The room is large, comfortable, anonymous, the big plush bed
looks inviting with its white sheets and huge pillows. A huge bed all to myself
for the next few nights! The prospect is extremely appealing.
I draw the curtains and close out the view of
Beijing, its grey buildings looming, vehicles shooting by.
I place my computer, papers and books on the
table, slip off my shoes, unzip my dress. Everyone was pretty happy with my workshop. I move into the bathroom, turn the taps and draw the bath. I remove my pearls and tie my hair up, only to discover this bath is just warm and the hot tap is a warm tap.
I sigh, fetch the kettle from the
other room, and start to fill it. Jug after jug of boiling water I pour in,
watching the steam rise each time. In between I read my book, trying not to get
it wet, but something in my memory stirs.

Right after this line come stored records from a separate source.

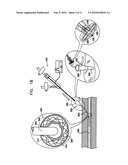 METHODS AND APPARATUS FOR HEMOSTASIS FOLLOWING ARTERIAL CATHETERIZATION diagram and image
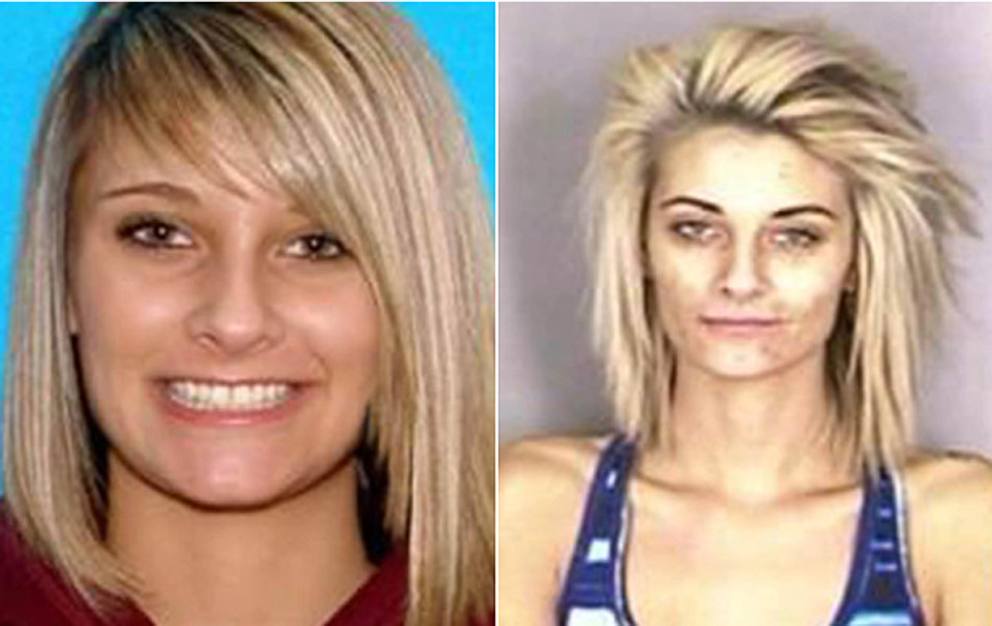 I Terribili Effetti della Droga sul Nostro Corpo: le Foto Shock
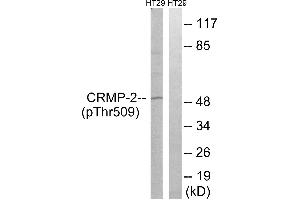 Immunohistochemistry analysis of paraffin-embedded human brain tissue using CRMP-2 (Phospho-Thr509) antibody. (DPYSL2 Antikörper  (pThr509))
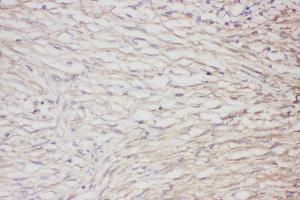 Anti-GFAP Picoband antibody,  IHC(P): Human meningioma Tissue (GFAP Antikörper  (AA 93-432))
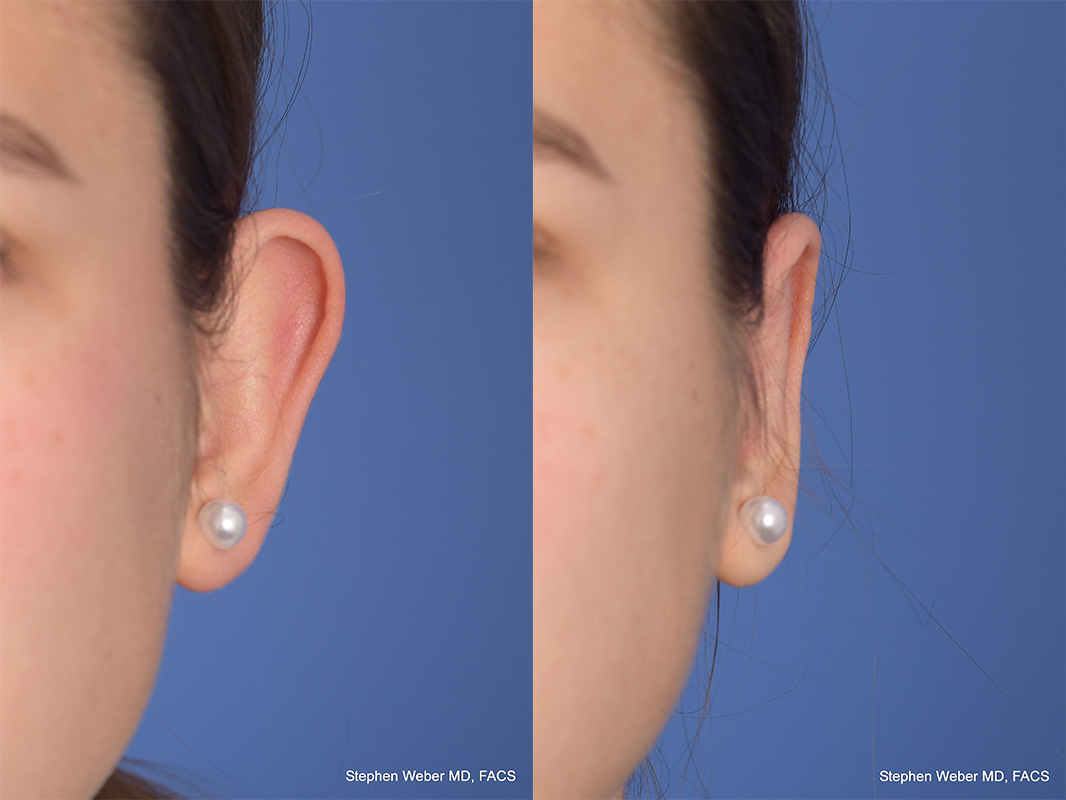 Otoplasty Before and After | Weber Facial Plastic Surgery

I am taken back to the concrete building in Baguo, concrete
walls, roof and floor. A small window from the bathroom to the outside, a small
lamp to supplement the little natural light. Naty has boiled a third pot over the stove. She takes it into the bathroom and steam rises as she
pours it into the big plastic bucket of warm water she is preparing for me.
I
sit on a chair in the kitchen watching. I feel like death. My hair is matted,
my face is red and round and peeling off, I can barely move and my stomach is
waiting for the next unusual smell to unleash its bile and gin contents. The
family around me yabbers away in Tagalog. Matilda plays with the children in
the dirt just outside the front steps.
After another two pots of hot water I wander into the
bathroom and sit on the floor. I pour a small bowl of water over myself, my
hair, face, cover myself in shampoo and soap and scrub with all my strength. I pour several small bowls over
myself to wash it all off. Immediately I feel a little better. I hear the sound
of children through the small window. I brush my
teeth, squeeze all the water from my hair and take the thin threadbare dry
towel from the wall to dry myself. Naty has picked my underwear and clothes for
the day and I put them on.
Naty comes back to check on me. The bucket of water is still half full. She takes a mouthful of her coffee, fills the pot in
the kitchen, turns on the stove and prepares for the next bath. I sit down in
my chair again in silence, now fully dressed. Someone passes me a comb and I
hold it in my hand for a while before putting it down. Naty hands me a coffee
which I shoo away.
I go back into the room the family has vacated for Matilda
and me, rustle around in my bag. I find the half empty bottle and take a swig,
eyes watering as the sickly sweet chemical taste washes into my mouth in the
few seconds before the warmth spreads through my veins. I will my belly to
accept it, not throw up. I take a few deep mouthfuls, open my throat and start
to feel normal again. I check the other bottle in my bag, it is still there, ¾
full, everything is going to be ok. I
put on sunglasses and wander outside clutching the bottle, sit on the door step
and start to think about combing my hair.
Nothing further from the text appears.